The show featured dancing and music, with a house band that included drummer Max Roach and jazz singer Abbey Lincoln. “The line to get in was so long we ended up clearing the venue and doing a second show,” Mr. Brathwaite told Vogue. He and his colleagues continued to produce “Naturally” pageants for years, and the show was credited with helping promote the “Black Is Beautiful” slogan, which appeared in the background of some of Mr. Brathwaite’s pictures along with phrases like “Buy Black.”

 

The second of three sons, Gilbert Ronald Brathwaite was born Jan. 1, 1938, in what he affectionately called “the People’s Republic of Brooklyn.” His parents were immigrants from Barbados and moved the family to the South Bronx when Mr. Brathwaite was young. His father was a tailor who owned a dry-cleaning business, and his mother sold coconut bread out of the home. Like his older brother, Mr. Brathwaite eventually adopted an African 

name, in his case as a tribute to Ghanaian independence leader Kwame Nkrumah.

 

After studying at the School of Industrial Art (now the High School of Art and Design) in Manhattan, Mr. Brathwaite considered becoming a graphic designer. But in 1955, at age 17, he saw photographs of Emmett Till, the 14-year-old Black boy from Chicago who had been abducted, tortured and lynched that summer by White men in Mississippi. Pictures of Till’s mutilated body, taken by David Jackson for Jet magazine, galvanized the civil rights movement and introduced Mr. Brathwaite to photography’s potential as a catalyst for social change.

 

The next year, he was stunned to see a photographer take pictures at Club 845, a shadowy jazz venue in the Bronx, without using a flash. It seemed like magic, and inspired Mr. Brathwaite to buy a Hasselblad medium-format camera and begin taking pictures himself. “I just fell in love with the textures,” he said, according to the New York Times, “the slight graininess of it.”

 

In 1966, he married Sikolo Sumter, a Grandassa Model, the year after meeting her on the sidewalk and asking to take her photograph. She survives him, as does their son, who has helped preserve Mr. Brathwaite’s work as head of the Kwame Brathwaite Archive; a daughter, Ndola Carlest; a brother; and four grandchildren.
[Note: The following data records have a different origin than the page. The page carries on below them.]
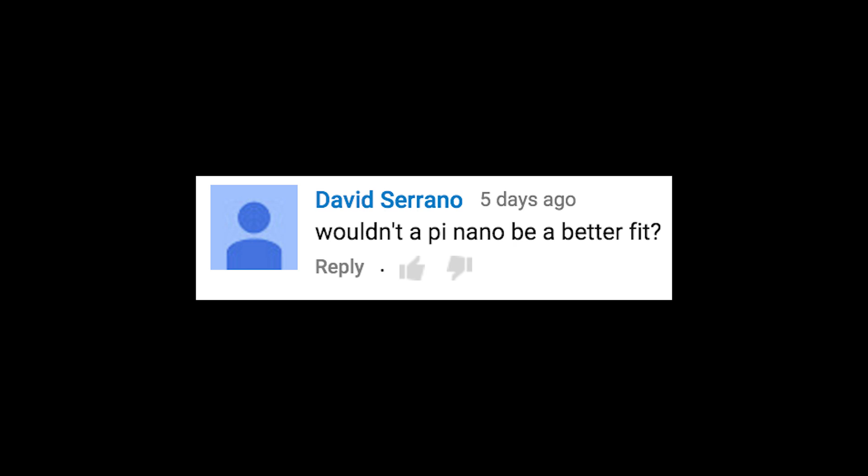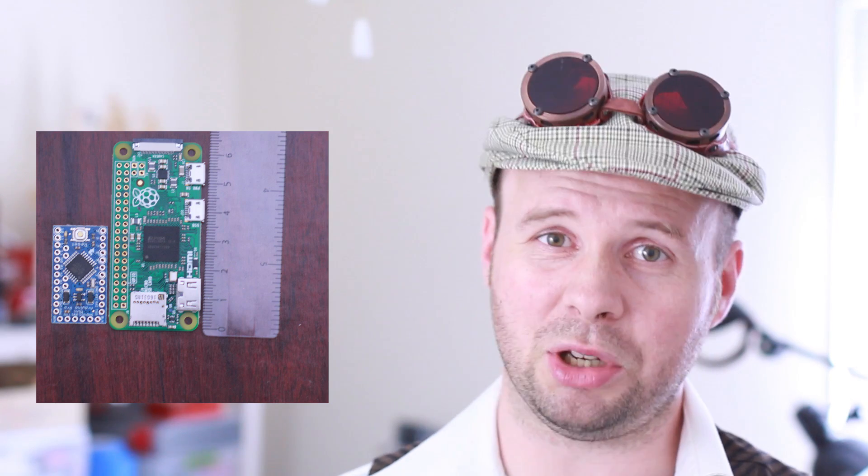Wouldn't a Pi Nano be a better fit? I think you mean Pi Zero — unless there's another Pi that I don't know about, which is highly improbable. Here's a size comparison of the Pi Zero versus the Arduino Pro Mini. As you can see, you probably could use the Pi Zero, but it would definitely be much, much bigger.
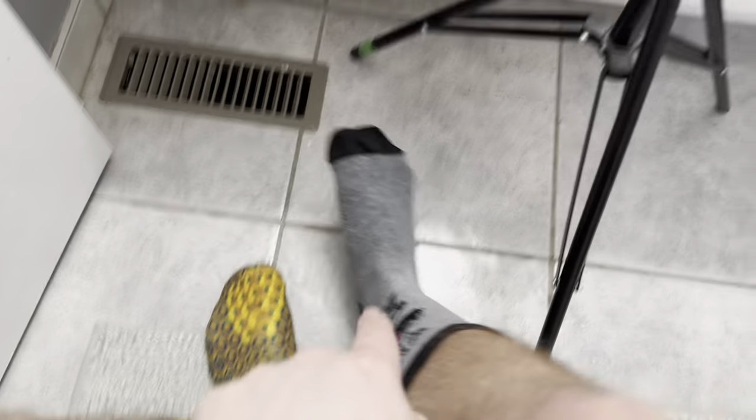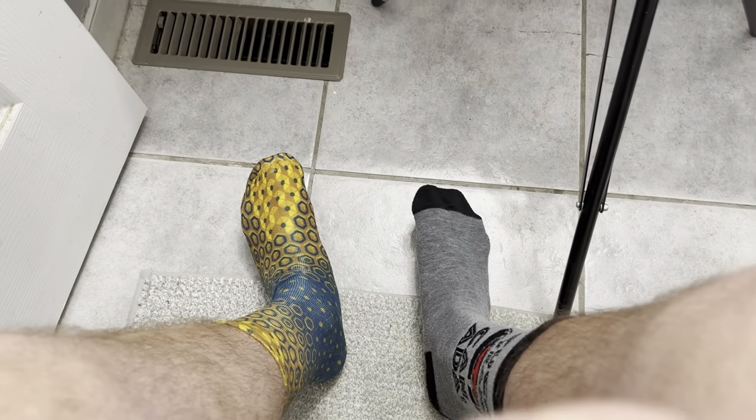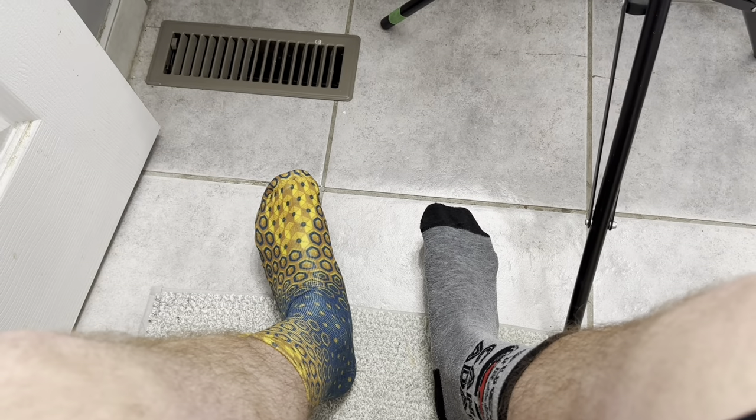I just stepped out of the tub. As you can see, the normal sock looks completely drenched — it's a different color. The Randyson sock — you can't really tell. The main test was whether your foot is still wet when you take off the sock. With the normal sock, my foot was wet, especially near my toes — you could actually see water glistening off from the light. With the Randyson sock, that wasn't the case; it either absorbed all the water or completely reflected it, and my foot is completely dry.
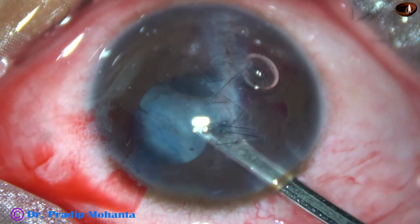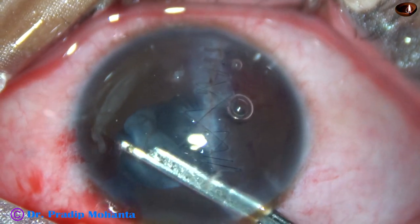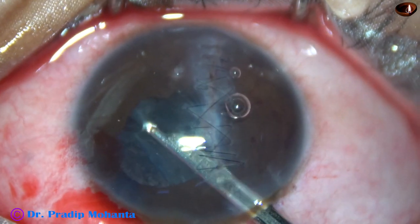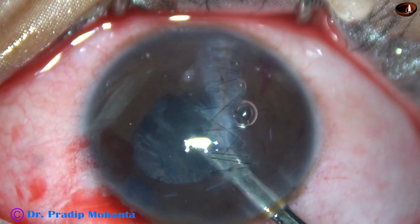Now I take a Simcoe cannula — 23-gauge Simcoe — and aspirate the cortex. In three weeks, most of the cortex had already liquefied and been absorbed, so very little cortex remained.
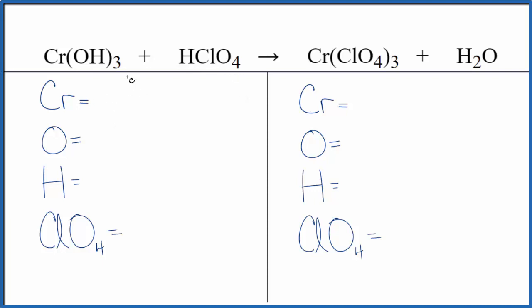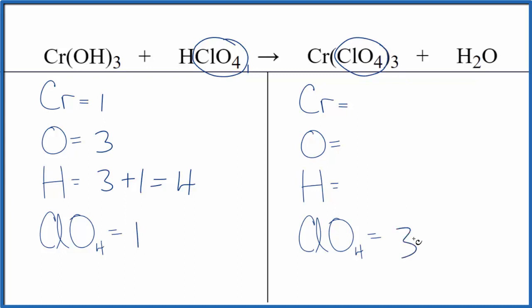Let's count the atoms up. We use a bit of a trick to make it easier. We have 1 chromium here, and then 3 — that goes to everything here, so 3 times 1 is 3. We have this hydrogen over here, that gives us 4. Notice I didn't count the oxygens in the perchlorate, because we're going to treat the perchlorate ion as just one thing — a separate item — because it doesn't change. So I have 1 perchlorate ion on the left and 3 perchlorate ions on the right. That makes balancing a lot easier.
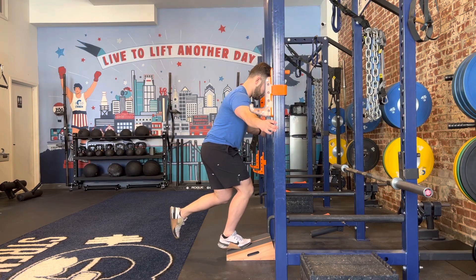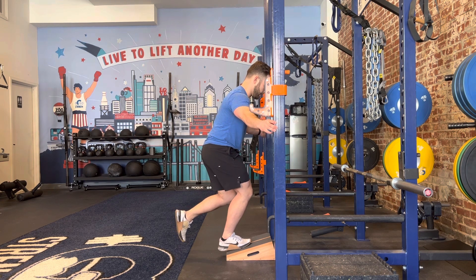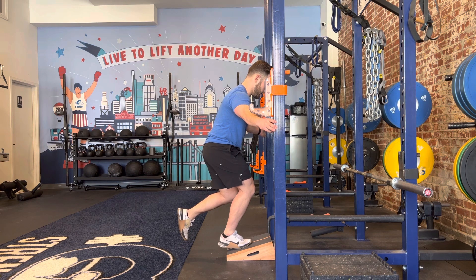This is a single leg calf raise hold. I've got a soft knee, and my heel is going to stay parallel to the ground — I'm not letting my heel drop. Keeping active, thinking about pressing the gas pedal down with my foot that's on the ground here.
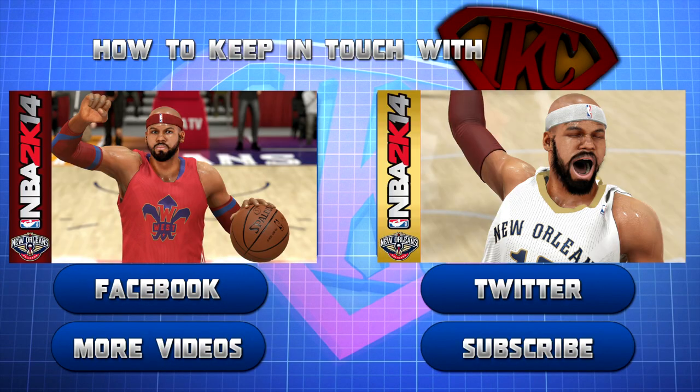This is Siri. Thank you for watching and be sure to like this video. For more videos from this particular mode, click more videos. If you want to see more content from IKC, click subscribe. And don't forget to follow IKC on Twitter and to like his Facebook page. This is Siri signing out. Peace.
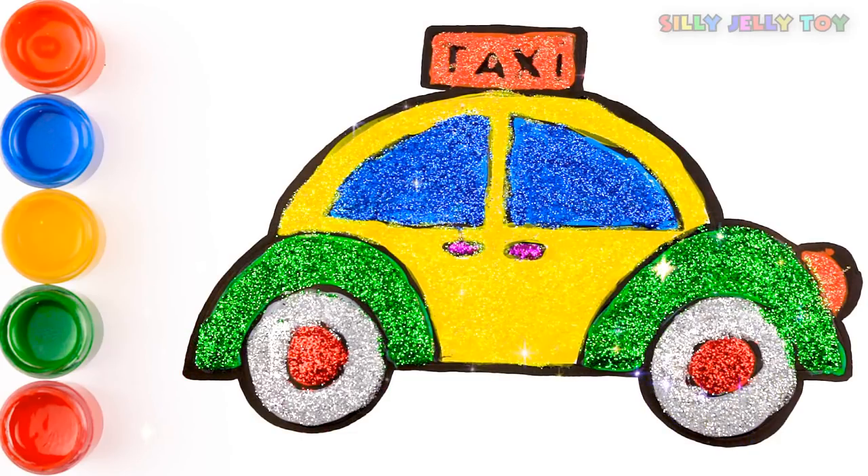Wow! Glitter taxi! Cool! Thank you for watching! See you next time! I got awesome! It's nice! Bye!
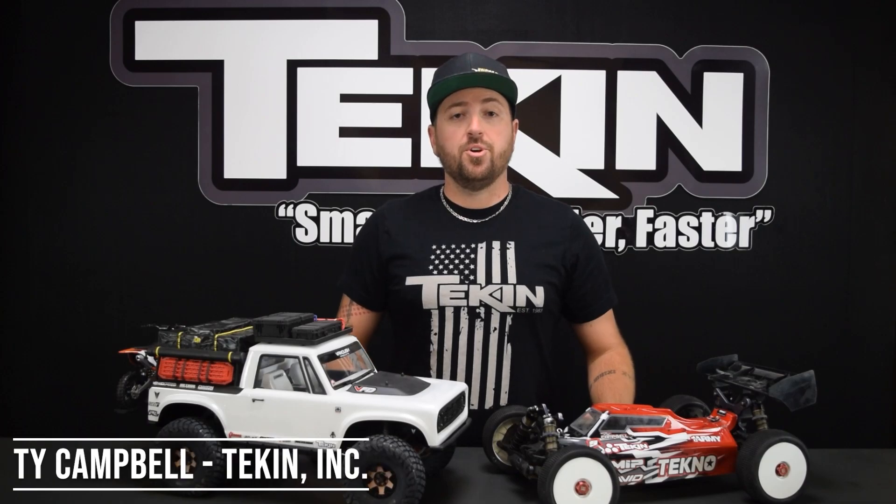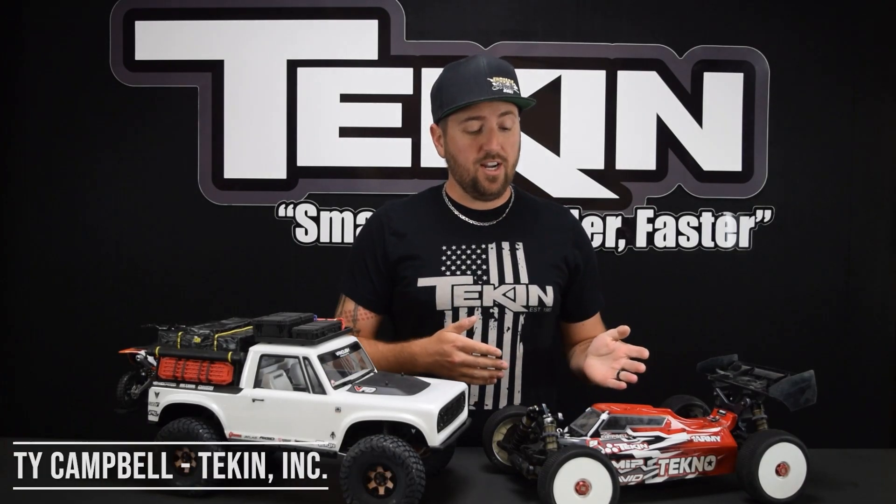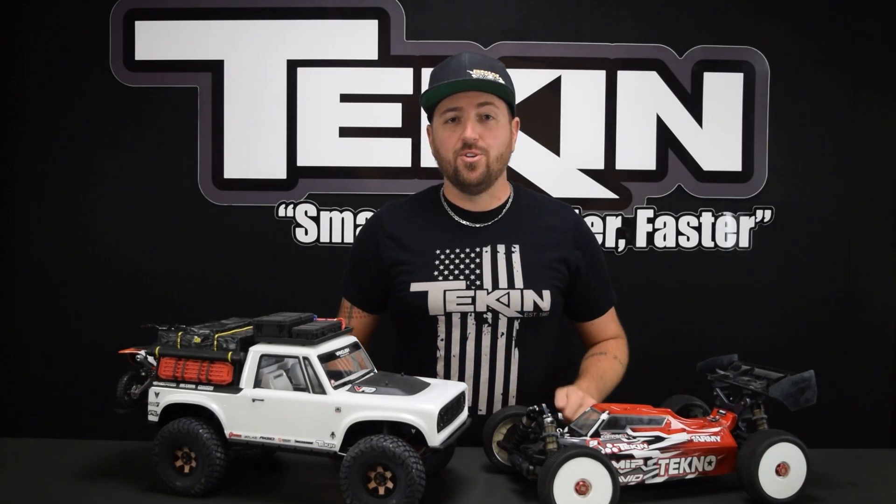Ty Campbell with Teakin Racing, and in this video we're going to cover the hotwire setting reverse speed and how you can use it on the racetrack if you're allowed to use reverse, and in crawlers.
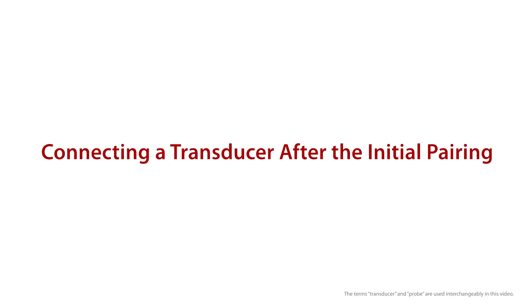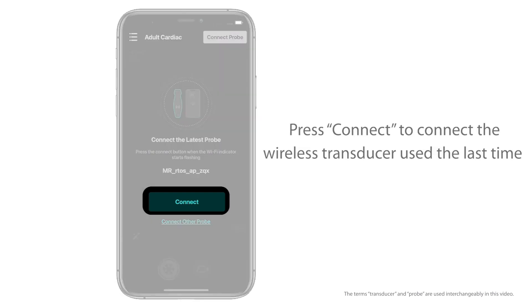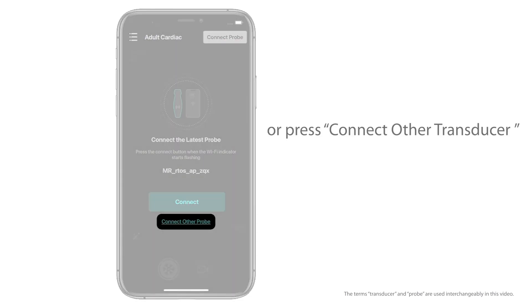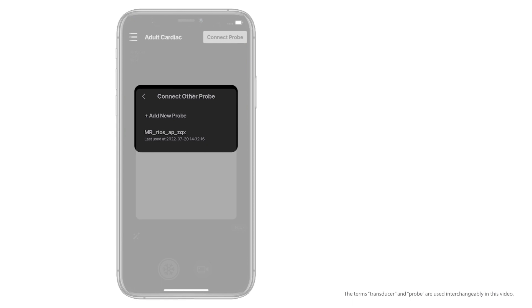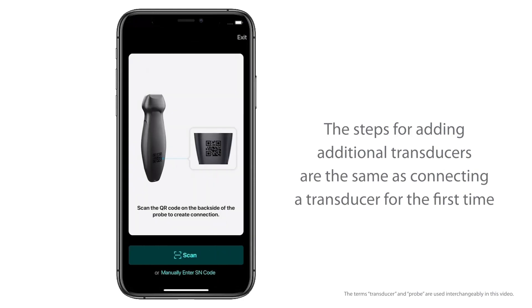Connecting a transducer after the initial pairing: After logging in, the Connect the Latest Transducer window will pop up. Press Connect to connect the wireless transducer used last time, or press Connect other transducer to add a new transducer or connect an existing transducer in the list. The steps for adding additional transducers are the same as connecting a transducer for the first time.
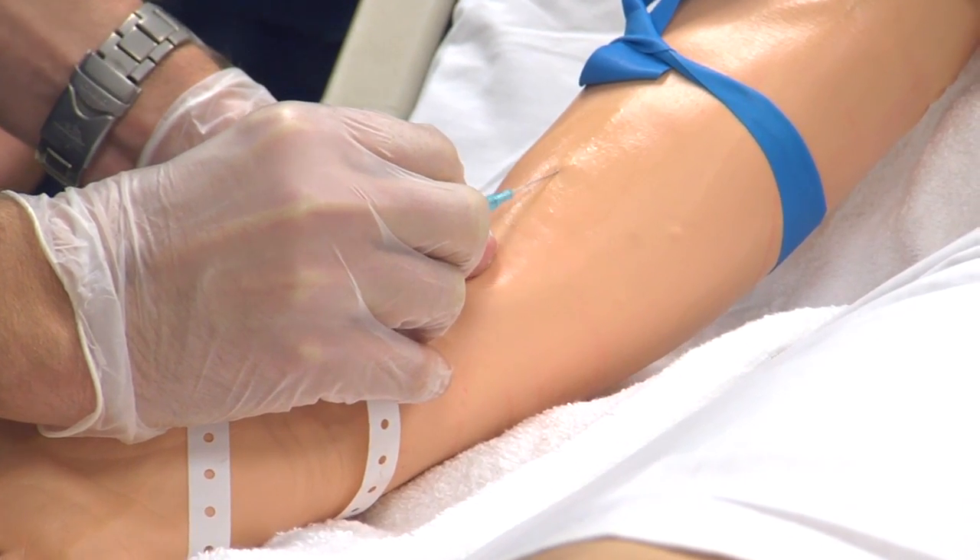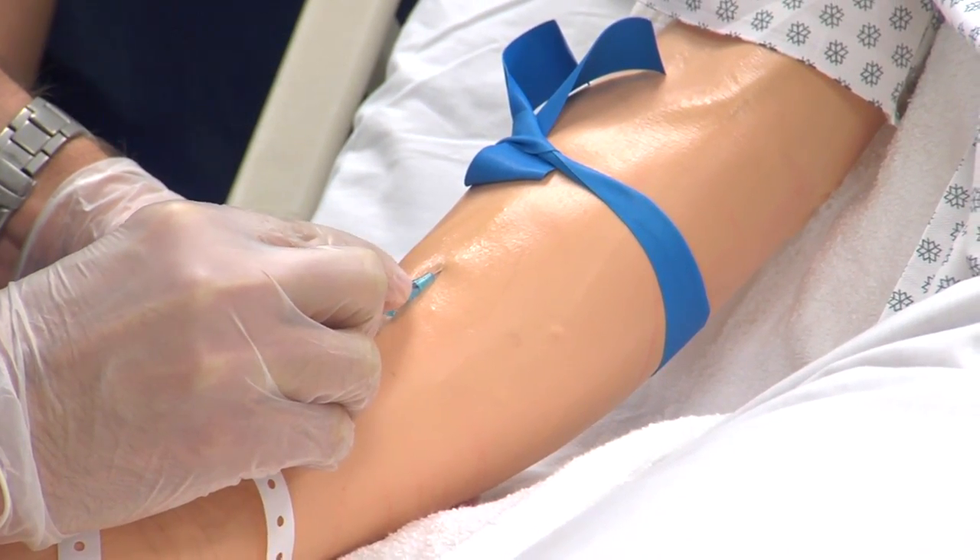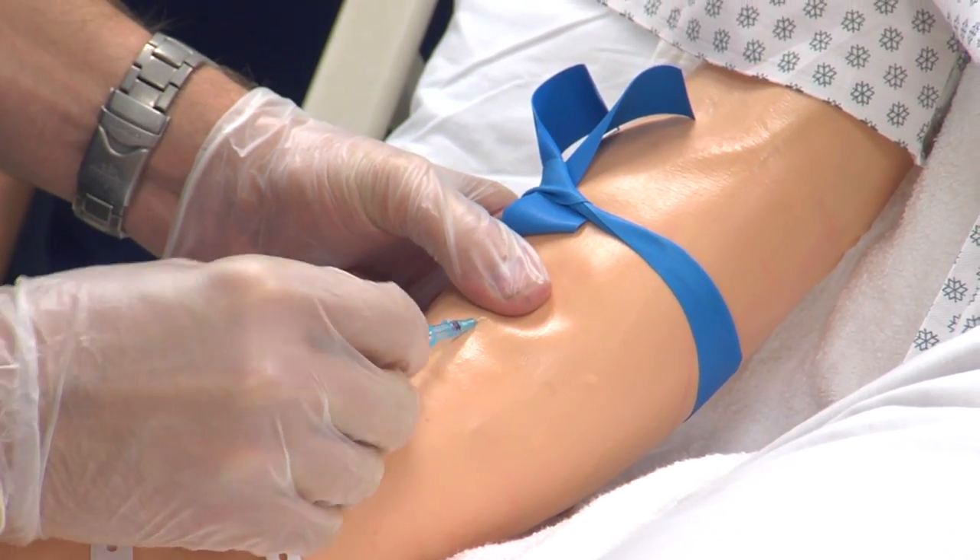He's going to insert it bevel up at about a 10 to 15 degree angle above the skin. And once he sees that flash come back into there, he's going to advance the catheter in.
His brother Brath died in 2014.

 

Mr. Brathwaite was still accepting commissions at age 80, photographing the artist Joanne Petit-Frère for the New Yorker, and retired in 2018 just as his work was gaining increasing recognition. His first major retrospective debuted the next year at Los Angeles’s Skirball Cultural Center. Another exhibition, “Things Well Worth Waiting For,” is now on view at the Art Institute of Chicago and focuses on his relationship to music.

 

Mr. Brathwaite was an amateur tenor saxophonist and would play jazz records during some of his shoots, trying to channel the music’s rhythm in his images. “You want to get the feeling, the mood that you’re experiencing when they’re playing,” he told Ford in an interview. “That’s the thing. You want to capture that.”